As you can see from the below diagram the markets have been drawing down from the top it made on Nov 2010 in a ZigZag fashion making Wave (A), Wave (B) and Wave (C). Now after it made bottom with Wave (C) it has pulled back from there to make a high of 5630 and from there started correcting again upto 4770. 

Now the question here is that, 

Is the move from bottom of Wave (C) upto 5630 is Wave 1 and following correction upto 4770 is Wave 2 and now the current upside which is nothing but a leading diagonal formation (as shown in the fig) could be a first subwave of the Larger Wave 3?

Or

Is it a upward correction of move from Nov top to upto 4531 in which the up move from 4531 to upto 5630 could be a Wave A and the following correction upto 4770 could be Wave B and then now the upward move which is a diagonal can be a ending diagonal of Wave C?



As traders what we have to look at it as in any case the diagonal movement either its sub wave 1 of Larger Wave 3 or the Wave C of upward correction, is near its ending as per Elliott wave rules. The maximum upside can be expected upto 5800 before the correction is expeted to levels near to 5450-5420

Another interesting fact is that if any day the nifty closes above 5630, it can move upto 6060 in the short to medium term. But this move can come only after the correction that we have predicted in the previous Para. 
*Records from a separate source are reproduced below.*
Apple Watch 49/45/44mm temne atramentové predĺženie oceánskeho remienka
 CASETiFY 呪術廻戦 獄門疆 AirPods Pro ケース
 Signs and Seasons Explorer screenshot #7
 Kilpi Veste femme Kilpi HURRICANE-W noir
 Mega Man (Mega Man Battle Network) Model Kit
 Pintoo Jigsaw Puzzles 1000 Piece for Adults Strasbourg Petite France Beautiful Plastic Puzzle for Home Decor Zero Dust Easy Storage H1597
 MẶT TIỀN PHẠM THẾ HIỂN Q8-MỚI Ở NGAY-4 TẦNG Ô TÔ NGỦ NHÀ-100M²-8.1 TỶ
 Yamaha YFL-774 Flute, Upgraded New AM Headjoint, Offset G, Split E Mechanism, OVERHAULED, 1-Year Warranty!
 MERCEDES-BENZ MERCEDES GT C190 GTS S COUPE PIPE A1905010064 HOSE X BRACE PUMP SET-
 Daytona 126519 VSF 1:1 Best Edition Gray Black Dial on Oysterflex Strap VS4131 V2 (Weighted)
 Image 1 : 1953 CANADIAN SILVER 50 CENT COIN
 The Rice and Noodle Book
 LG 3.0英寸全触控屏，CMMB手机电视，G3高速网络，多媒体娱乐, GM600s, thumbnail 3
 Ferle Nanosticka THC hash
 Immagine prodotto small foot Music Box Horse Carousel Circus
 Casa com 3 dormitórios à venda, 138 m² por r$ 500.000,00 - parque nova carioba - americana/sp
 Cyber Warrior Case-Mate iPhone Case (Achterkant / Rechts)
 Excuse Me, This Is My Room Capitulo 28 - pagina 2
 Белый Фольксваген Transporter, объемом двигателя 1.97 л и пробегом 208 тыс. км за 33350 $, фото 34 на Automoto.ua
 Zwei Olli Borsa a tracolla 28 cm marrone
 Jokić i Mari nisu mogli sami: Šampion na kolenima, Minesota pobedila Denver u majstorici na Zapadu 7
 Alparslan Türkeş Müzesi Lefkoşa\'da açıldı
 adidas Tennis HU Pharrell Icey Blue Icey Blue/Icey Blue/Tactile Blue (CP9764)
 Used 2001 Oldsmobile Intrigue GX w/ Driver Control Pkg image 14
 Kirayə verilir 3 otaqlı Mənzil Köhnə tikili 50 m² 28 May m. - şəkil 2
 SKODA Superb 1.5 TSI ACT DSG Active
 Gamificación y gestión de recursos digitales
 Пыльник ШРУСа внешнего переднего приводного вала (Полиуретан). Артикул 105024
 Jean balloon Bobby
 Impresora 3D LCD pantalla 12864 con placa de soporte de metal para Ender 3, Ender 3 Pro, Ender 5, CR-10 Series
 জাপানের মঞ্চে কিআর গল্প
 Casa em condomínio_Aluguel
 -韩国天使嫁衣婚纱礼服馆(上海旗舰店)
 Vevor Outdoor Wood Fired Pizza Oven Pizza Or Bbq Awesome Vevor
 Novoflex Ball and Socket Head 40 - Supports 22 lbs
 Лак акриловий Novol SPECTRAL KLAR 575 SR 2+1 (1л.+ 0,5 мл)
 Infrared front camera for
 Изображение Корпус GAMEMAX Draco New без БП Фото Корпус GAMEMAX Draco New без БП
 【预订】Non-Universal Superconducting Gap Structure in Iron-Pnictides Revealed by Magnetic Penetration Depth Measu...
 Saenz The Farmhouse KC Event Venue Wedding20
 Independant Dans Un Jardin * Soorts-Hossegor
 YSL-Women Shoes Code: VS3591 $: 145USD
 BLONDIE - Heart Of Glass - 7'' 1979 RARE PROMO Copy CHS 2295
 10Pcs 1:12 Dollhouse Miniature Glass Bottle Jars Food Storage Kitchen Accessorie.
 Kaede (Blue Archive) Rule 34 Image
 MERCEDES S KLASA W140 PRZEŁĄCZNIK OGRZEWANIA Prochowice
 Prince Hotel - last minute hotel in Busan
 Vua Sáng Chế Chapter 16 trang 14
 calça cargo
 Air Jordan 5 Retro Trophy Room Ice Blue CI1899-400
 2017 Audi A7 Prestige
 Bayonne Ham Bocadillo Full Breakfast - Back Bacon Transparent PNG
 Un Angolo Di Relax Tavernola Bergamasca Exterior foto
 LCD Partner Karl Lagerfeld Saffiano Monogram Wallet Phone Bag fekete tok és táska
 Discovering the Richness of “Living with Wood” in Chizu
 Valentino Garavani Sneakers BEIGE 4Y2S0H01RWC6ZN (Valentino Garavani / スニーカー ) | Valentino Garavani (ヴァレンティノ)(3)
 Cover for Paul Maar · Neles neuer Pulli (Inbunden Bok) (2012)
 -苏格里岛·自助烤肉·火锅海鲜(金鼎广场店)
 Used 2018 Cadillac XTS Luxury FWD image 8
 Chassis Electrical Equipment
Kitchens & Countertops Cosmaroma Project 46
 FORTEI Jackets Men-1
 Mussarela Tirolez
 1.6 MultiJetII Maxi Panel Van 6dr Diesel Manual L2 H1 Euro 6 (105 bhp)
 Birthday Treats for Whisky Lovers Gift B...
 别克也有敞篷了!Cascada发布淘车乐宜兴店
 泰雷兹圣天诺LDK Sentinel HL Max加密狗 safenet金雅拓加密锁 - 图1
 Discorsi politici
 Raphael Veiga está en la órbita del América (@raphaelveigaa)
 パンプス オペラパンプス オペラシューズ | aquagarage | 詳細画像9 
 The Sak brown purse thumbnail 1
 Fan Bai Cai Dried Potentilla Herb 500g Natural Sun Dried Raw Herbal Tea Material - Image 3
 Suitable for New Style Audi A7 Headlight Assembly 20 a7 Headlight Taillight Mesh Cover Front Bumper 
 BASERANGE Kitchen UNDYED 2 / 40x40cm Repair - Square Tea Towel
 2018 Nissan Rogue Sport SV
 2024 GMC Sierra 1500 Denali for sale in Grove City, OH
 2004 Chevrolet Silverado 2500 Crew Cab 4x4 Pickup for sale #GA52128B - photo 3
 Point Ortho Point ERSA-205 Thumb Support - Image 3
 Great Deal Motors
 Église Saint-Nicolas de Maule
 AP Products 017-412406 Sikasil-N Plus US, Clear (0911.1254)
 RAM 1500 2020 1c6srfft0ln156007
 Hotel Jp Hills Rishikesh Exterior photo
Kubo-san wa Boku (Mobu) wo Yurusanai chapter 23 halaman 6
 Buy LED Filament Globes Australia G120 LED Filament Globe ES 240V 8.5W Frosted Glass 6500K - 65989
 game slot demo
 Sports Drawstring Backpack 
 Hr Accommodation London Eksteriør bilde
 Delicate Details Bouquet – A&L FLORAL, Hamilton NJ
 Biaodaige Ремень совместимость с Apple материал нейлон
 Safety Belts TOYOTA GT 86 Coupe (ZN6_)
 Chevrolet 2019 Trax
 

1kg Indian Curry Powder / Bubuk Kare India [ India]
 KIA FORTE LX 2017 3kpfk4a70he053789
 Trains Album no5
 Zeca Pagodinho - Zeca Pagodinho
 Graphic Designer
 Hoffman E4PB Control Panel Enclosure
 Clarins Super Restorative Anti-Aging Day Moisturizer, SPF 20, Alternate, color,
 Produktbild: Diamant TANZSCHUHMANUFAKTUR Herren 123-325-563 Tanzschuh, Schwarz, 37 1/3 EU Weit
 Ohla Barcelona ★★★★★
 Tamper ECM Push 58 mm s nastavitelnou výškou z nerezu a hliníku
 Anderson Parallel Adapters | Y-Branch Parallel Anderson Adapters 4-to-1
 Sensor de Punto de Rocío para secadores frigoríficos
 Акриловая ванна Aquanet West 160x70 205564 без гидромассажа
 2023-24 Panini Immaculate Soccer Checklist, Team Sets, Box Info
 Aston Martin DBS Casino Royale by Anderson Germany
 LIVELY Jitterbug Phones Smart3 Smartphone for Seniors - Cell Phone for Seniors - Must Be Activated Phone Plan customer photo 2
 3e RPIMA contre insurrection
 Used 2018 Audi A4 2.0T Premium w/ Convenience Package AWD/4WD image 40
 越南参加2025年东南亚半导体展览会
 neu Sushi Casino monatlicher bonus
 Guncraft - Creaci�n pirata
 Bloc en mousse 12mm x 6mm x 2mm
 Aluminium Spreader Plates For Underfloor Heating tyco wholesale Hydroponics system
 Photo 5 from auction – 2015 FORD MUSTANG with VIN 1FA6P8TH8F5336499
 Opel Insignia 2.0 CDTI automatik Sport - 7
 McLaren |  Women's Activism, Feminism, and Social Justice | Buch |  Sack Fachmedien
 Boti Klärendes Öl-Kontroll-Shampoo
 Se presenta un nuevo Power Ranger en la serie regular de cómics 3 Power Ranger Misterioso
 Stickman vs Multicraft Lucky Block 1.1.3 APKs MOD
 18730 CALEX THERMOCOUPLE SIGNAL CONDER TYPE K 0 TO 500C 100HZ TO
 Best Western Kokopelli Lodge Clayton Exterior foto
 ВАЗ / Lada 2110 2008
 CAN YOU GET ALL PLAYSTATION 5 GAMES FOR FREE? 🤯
 So if nifty closes above 5630 any day then the market for short term becomes buy on dips for an upside up to 6060. Or if it doesn’t close above 5630 and corrects from there we have to wait for the 5450-5420 levels to break down to go short in the nifty.

In Both of the above scenarios traders have to wait with patience to get the correct entry either on the long side or the short side.




Sunday, 29 January 2012

Markets getting to the Peak but not yet Peaked out!!

For last more than one year its been a sea saw between peaking out and bottoming out in Indian Markets. And this time its no different. As you can see markets have bounced back from the recent lows and now waiting to peak out. The million dollar question is which level it might peak out. Here we show you major 3 indicators which help you in judging the peak.

Firstly if you see the below figure which gives you maximum extent of movement that is possible in terms of Elliott Wave Theory which market seems to be following very studiously. The maximum level that market can go in this pull back is 5335 which is the peak of the 1st wave of the downward impulse move which started in Oct 2010. And this current pull back is the 4th wave which in EWT should not retrace the 1st wave which we mentioned above.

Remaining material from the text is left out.